(Crawled caption data)
....................

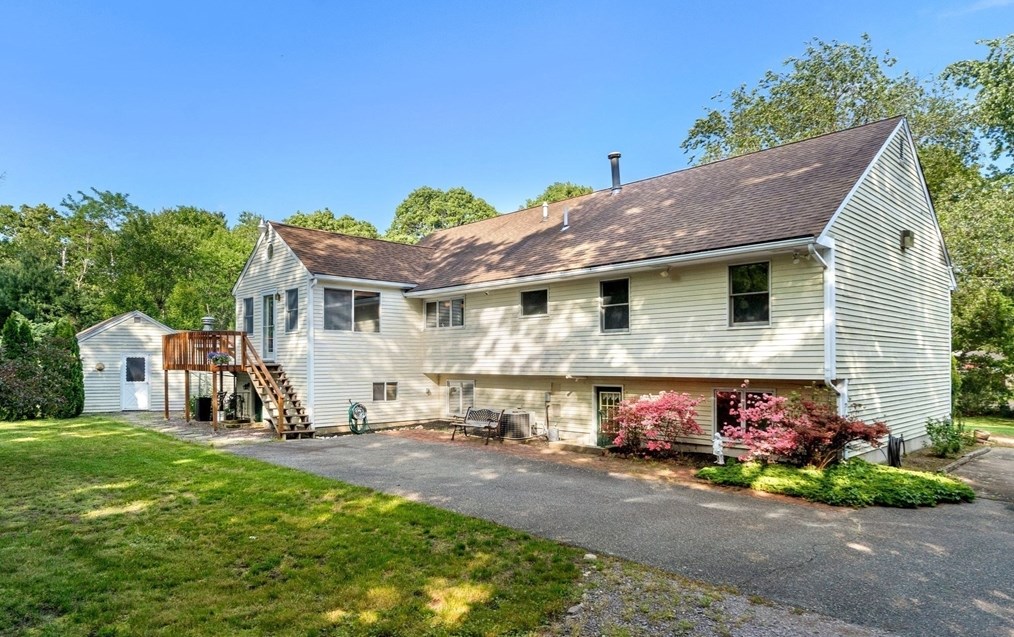 2 Valley St, Duxbury, MA 02332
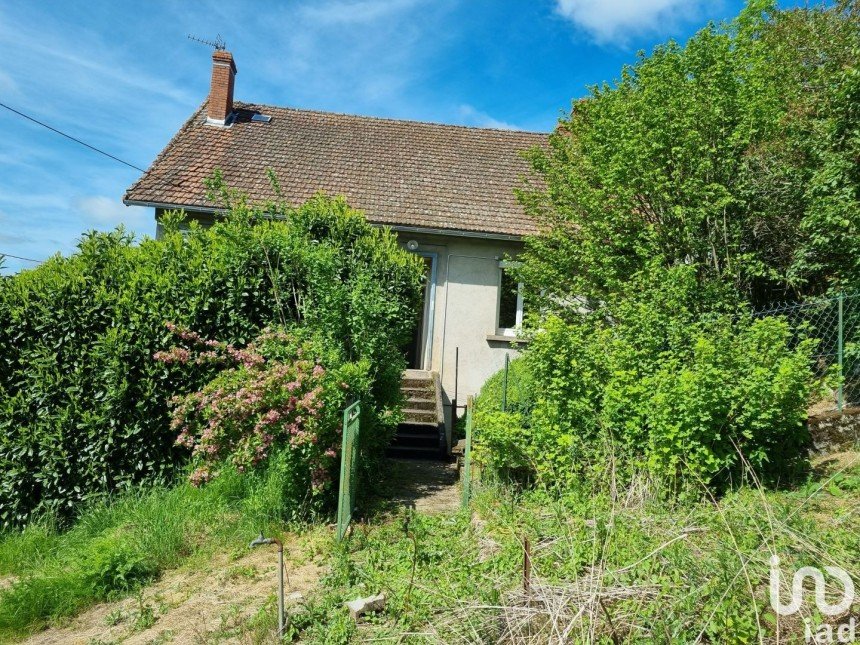 Maison 5 pièces de 134 m² à Saint-Sauves-d'Auvergne (63950)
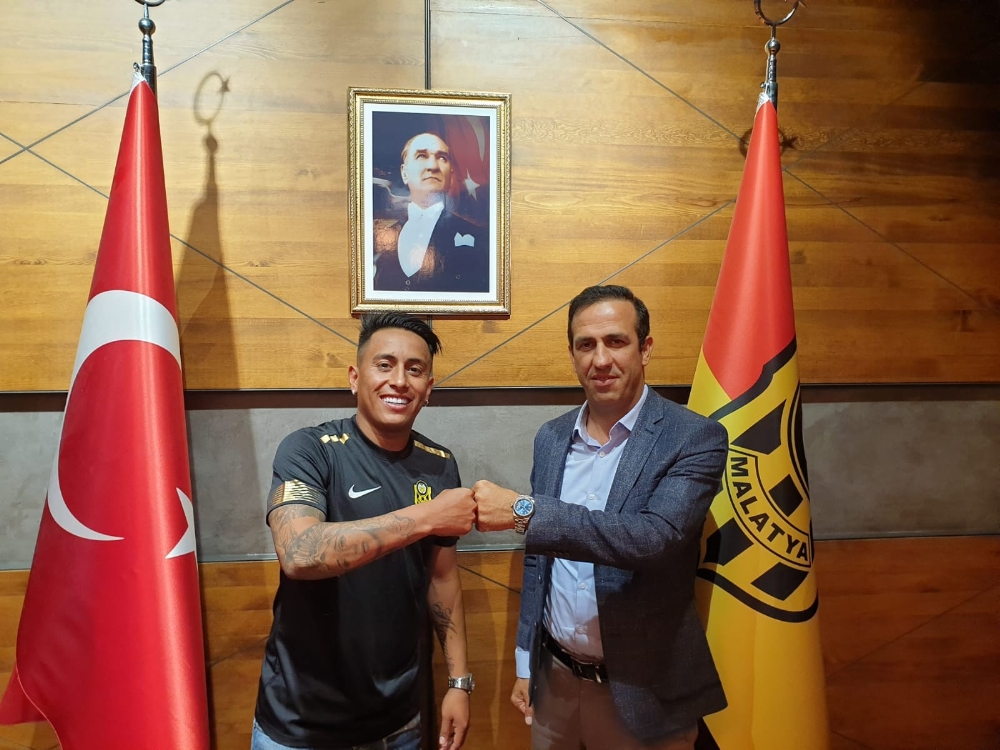 Yeni Malatyaspor Perulu Cueva ile sözleşme imzaladı
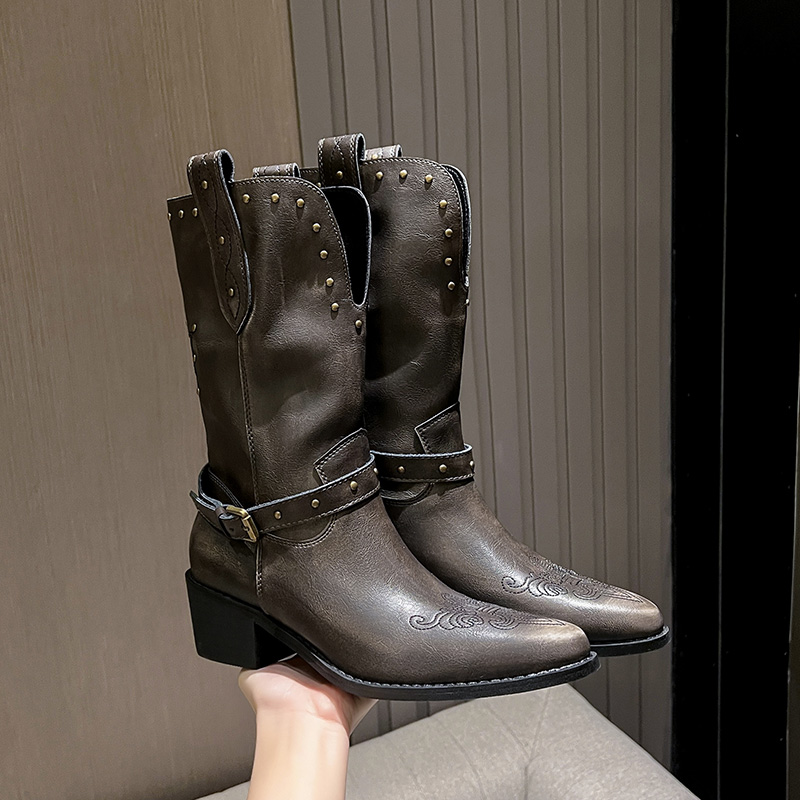 vintage-distressed-short-chelsea-boots-women-low-heel-pointed-toe-cowboy-boots-v-notch-belt-rider-short-boots_1 Vintage Distressed Short Chelsea Boots Women Low Heel Pointed Toe Cowboy Boots V-Notch Belt Rider Short Boots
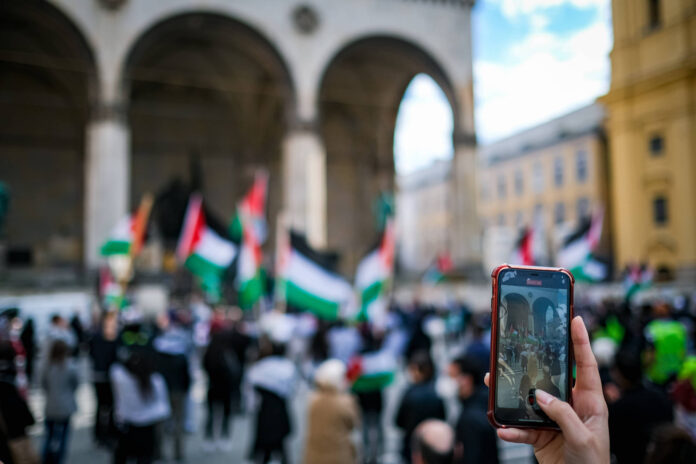 Symbolbild. Pro-Palästina Kundgebung 29.05.2021 in München. Foto IMAGO / Leonhard Simon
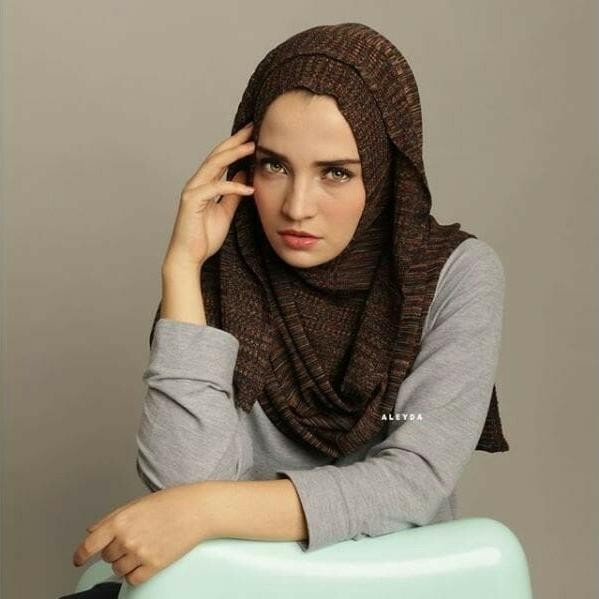 266F Pasmina Instan Polos Warna Bahan Premium Rajut Hijab Murah Aleyda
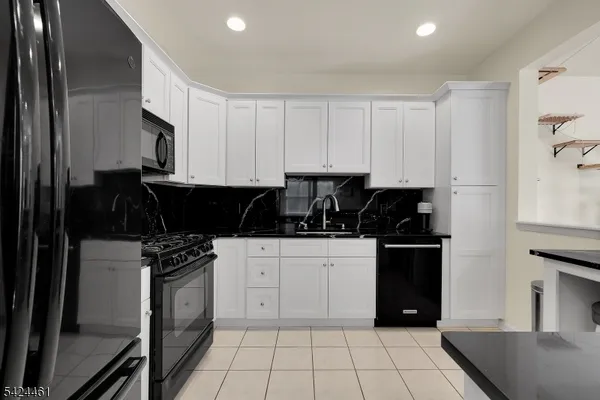 $675,002 | 39 Autumn Ridge Road, Morris Plains, NJ 07950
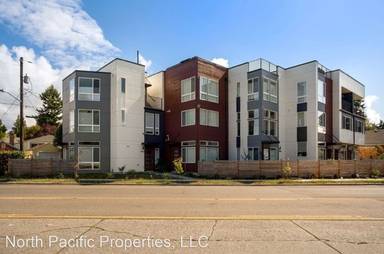 Main picture of 5904 Fauntleroy Way SW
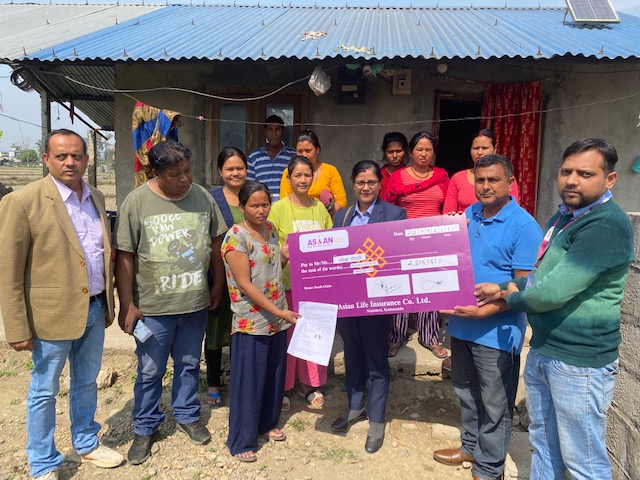 एशियन लाइफको नारायणगढ शाखाले दियो बीमा वापतको दाबी रकम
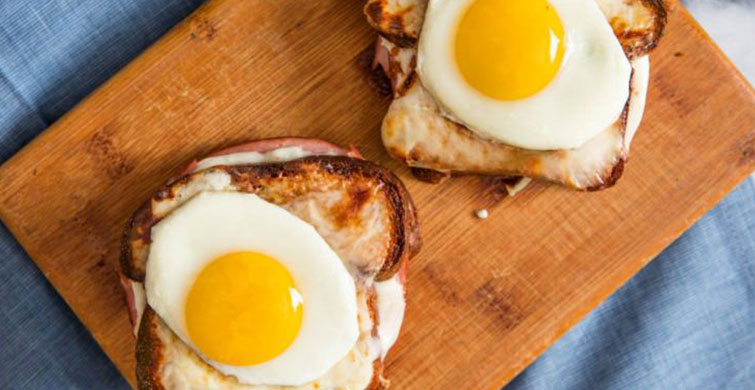 Yumurtayı Az Pişmiş Yemek Faydalı mıdır? Sağlık İçin Hangi Yağlar Tüketilmeli?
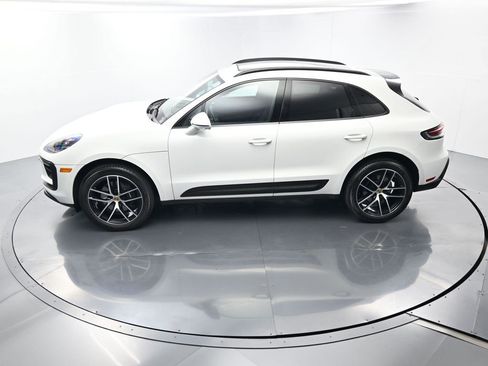 Used 2025 Porsche Macan image 35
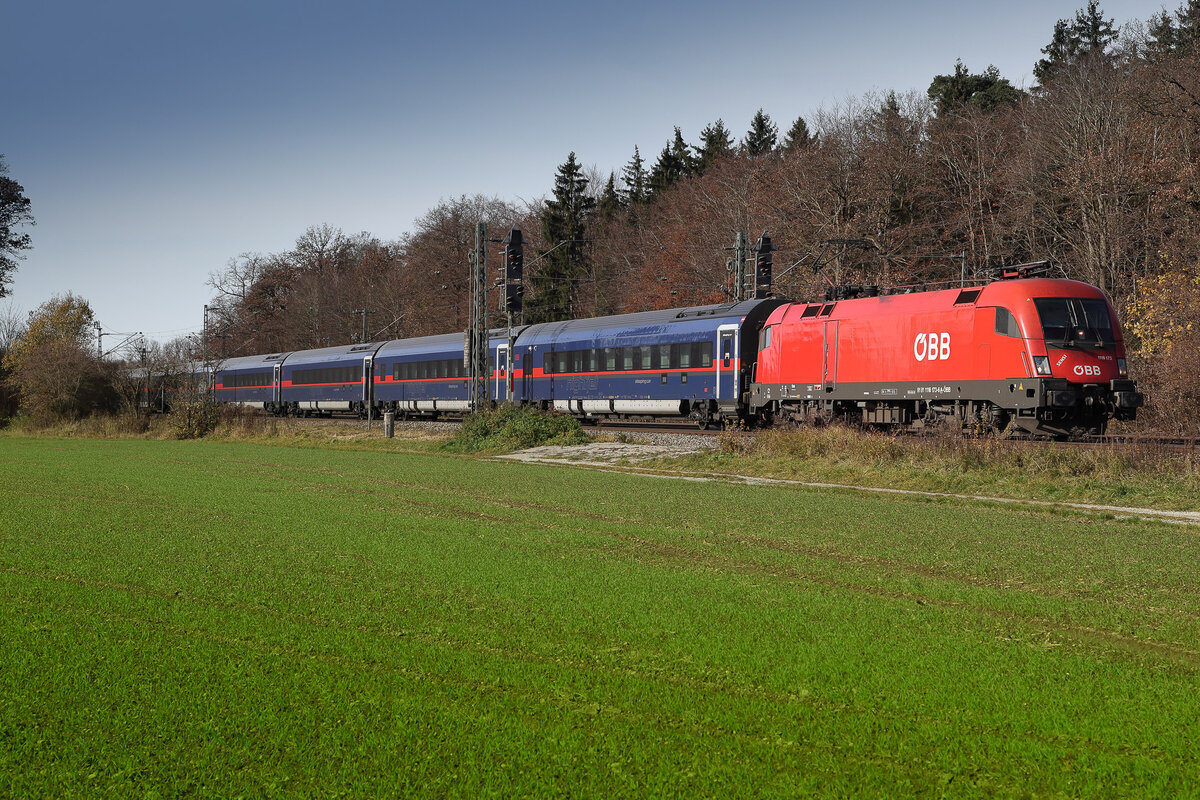 1116 173 Sensi am 12.11.2025 bei Eglharting. Die passende Nightjet Lok war auch die Tage hier, aber an einem Güterzug. Schade das die nicht immer vereint sind.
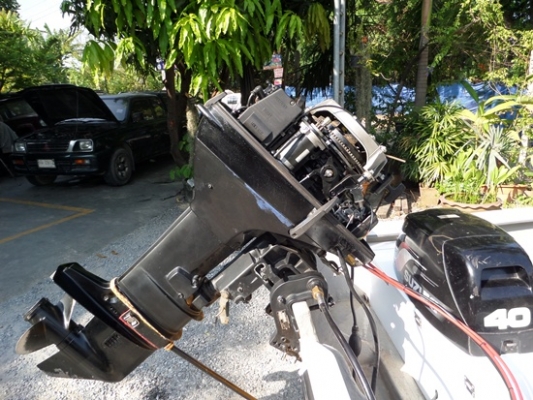 เรือไฟเบอร์ 12 ฟุตพร้อมเครื่อง 40 แรง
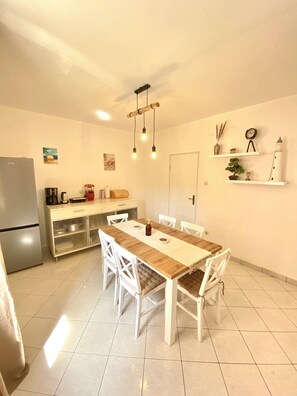 Dining - Spacious 2-Bed Apartment in Cavtat (Cavtat)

....................

Return only the lines running from the start of the entries above to the line that contains "Symbolbild. Pro-Palästina Kundgebung", inclusive, and omit every picture.

• [Answer space]:
 2 Valley St, Duxbury, MA 02332
 Maison 5 pièces de 134 m² à Saint-Sauves-d'Auvergne (63950)
 Yeni Malatyaspor Perulu Cueva ile sözleşme imzaladı
 vintage-distressed-short-chelsea-boots-women-low-heel-pointed-toe-cowboy-boots-v-notch-belt-rider-short-boots_1 Vintage Distressed Short Chelsea Boots Women Low Heel Pointed Toe Cowboy Boots V-Notch Belt Rider Short Boots
 Symbolbild. Pro-Palästina Kundgebung 29.05.2021 in München. Foto IMAGO / Leonhard Simon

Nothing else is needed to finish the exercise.